When I woke up on the morning, Draco was completely different. There was a set to him that I knew very well. The Prince of Slytherin was back. The clouds that I had been living in with Draco parted, and I came crashing down to earth in a severely bum-bruising experience. The man I had grown to love was gone, replaced by the rat-faced boy I had abhorred for the six and a half years before. "Get out," he said. "Run away, Hermione. Run and never come back."
"Draco, what's wrong?" I asked.
"I never want to see you again. Ever," he said, his eyes roiling with hatred. "Stay away from me, get away from Hogwarts, or you will die." I stared at him in shock as he left. Of course, I didn't believe him, but he wasn't kidding. If it hadn't been for Felix Felicis, I wouldn't be here today. And many people weren't here today because of that night.
It's strange how you never notice things until something terrible happens. How I never really thought that Draco's secret really mattered, it wasn't even that important. How the man I loved had every intention of killing the Headmaster; he possibly thought of it during our conversations or our love-making. Draco had failed in his endeavour and led Snape to kill Professor Dumbledore instead. So many people had died and I felt like it was entirely my fault. I was the closest person to Draco, I should have known. I should have warned everyone.
Things got even worse for me when I realised that I hadn't had a period in a few months. On July ninth, I found out that I was pregnant. Yes, I carried the child of my childhood enemy, the person who had caused the deaths of several people, and destroyed the safety and sanctity of Hogwarts. How could I possibly tell my friends? My parents?
I was seventeen and I was going to be a mother. Actually, I was almost eighteen, but I had never expected to be pregnant before I was married, pregnant even before I was thirty.

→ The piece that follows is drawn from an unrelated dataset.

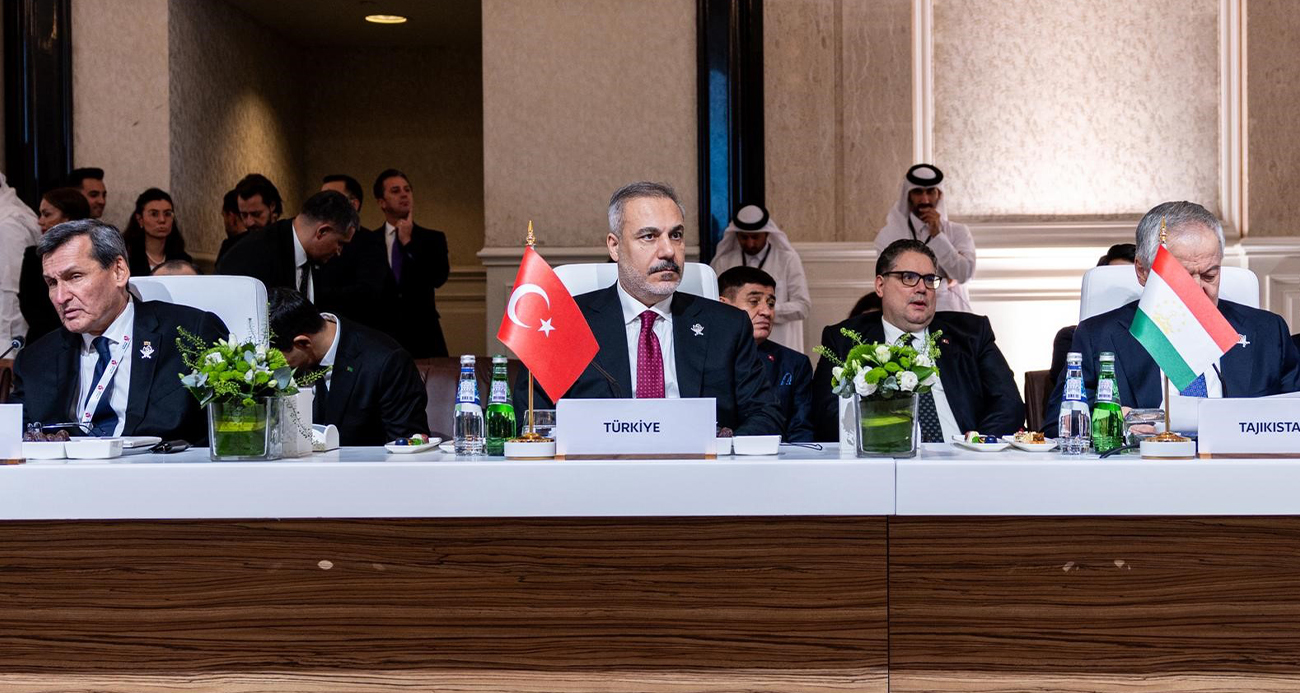 Bakan Fidan Katar’da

And I wasn't just the mother of anyone, but the mother of the child of Draco Malfoy. My baby's grandfather was a Death Eater and my baby's great-aunt had tortured the Longbottoms into insanity. I double-checked the pregnancy test with a spell to make sure. The results were more concise but the same: not only was I pregnant with Draco's baby, but she was a girl, and she would be born in late December, and I had actually gotten pregnant the first time I'd had sex with Draco.

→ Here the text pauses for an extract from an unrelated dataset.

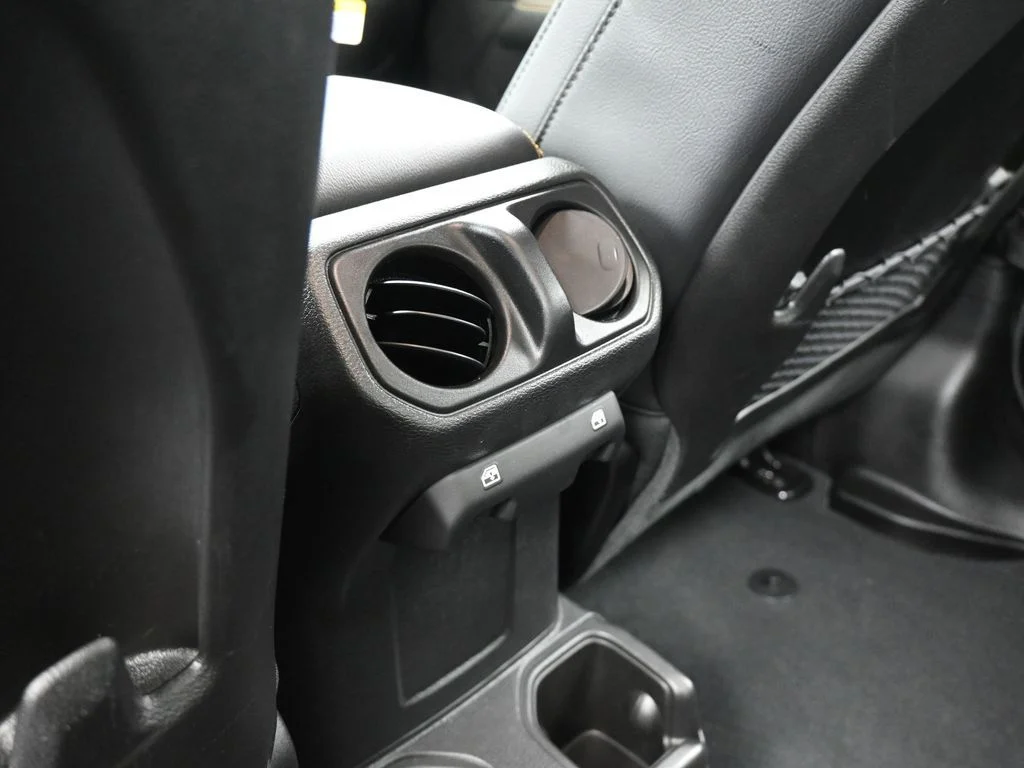 Used 2024 Black Clearcoat Jeep Sport S image 33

I was ecstatic and depressed at the same time. I loved Draco, I knew that. On some level, I still loved him no matter how horrible things had turned out. Slowly, realisations came to me, Draco hadn't really wanted to unleash unholy hell on Hogwarts but he had had no choice, bits of the conversation that I had overheard between Draco and Snape started to make sense now. Voldemort was holding the lives of Draco's parents over him. He had pretended to be so big and strong but he was really just a scared little boy.
After the spell, I had no choice. I told my parents first, and the look of surprise and shock on their faces almost brought me to tears, but they accepted that they were going to be grandparents a lot earlier than planned. I felt better after telling my parents, even if they kept asking who the father was. I simply told them that they didn't know him. I told Ron and Harry that I was pregnant after Bill and Fleur's wedding.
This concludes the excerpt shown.